Reneging on the COAG agreement on National Competition Policy, the Commonwealth Government has cut Financial Assistance Grants to Local Government by 1.2%. Announced in the Budget, this translates into about $15 million in real per capita terms per annum.

Despite a recent assurance by the Minister for Sport, Territories and Local Government, Warwick Smith, that real per capita increases will be returned in the next Budget, the Australian Local Government Association fears that should this indexation base not be returned, Councils stand to lose $60 million over the next four years.
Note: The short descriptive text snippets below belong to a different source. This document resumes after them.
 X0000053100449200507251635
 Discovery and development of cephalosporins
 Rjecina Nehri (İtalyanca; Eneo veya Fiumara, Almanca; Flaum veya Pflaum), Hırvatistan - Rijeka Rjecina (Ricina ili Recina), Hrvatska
The Minister recently described these cuts as Local Government making a contribution of 1.2% of its Financial Assistance Grants to the Budget deficit. Unlike the States and Territories that accepted voluntary cuts last year, Local Government was not consulted over its supposed ‘contribution’ to getting the Commonwealth Budget back into surplus.

The ALGA has rightly expressed its grave concern that the Federal Government has now broken all major promises made to Local Government prior to the 1996 election – namely on constitutional recognition, regional development, the Local Government Development Program and now Financial Assistance Grants. ALGA believes that the cuts will have a serious impact on services and employment, particularly in rural and regional Australia.

While the States received supplementary Competition Payments to offset their ‘voluntary’ cuts, Local Government’s only benefit from the National Competition Policy to date, the real terms per capita guarantee, has been spirited away to help the Federal Government balance its books.

The question has been put by Cr John Campbell, President ALGA, that as the only benefit has been withdrawn from Local Government why should Councils continue to cooperate with National Competition Policy?

With the Queensland Government, the only State Government to date to agree to share a proportion of its Competition Payments with Local Government, the Federal Minister has stated that he will raise with the Treasurer what the Commonwealth might be able to do to encourage other States to follow suit.

Queensland is to be applauded for its initiative. However, without Constitutional Recognition and a guaranteed share of the distribution of taxation raised by the Commonwealth, Councils and their communities continue to be at the mercy of policy decisions made by other spheres of Government.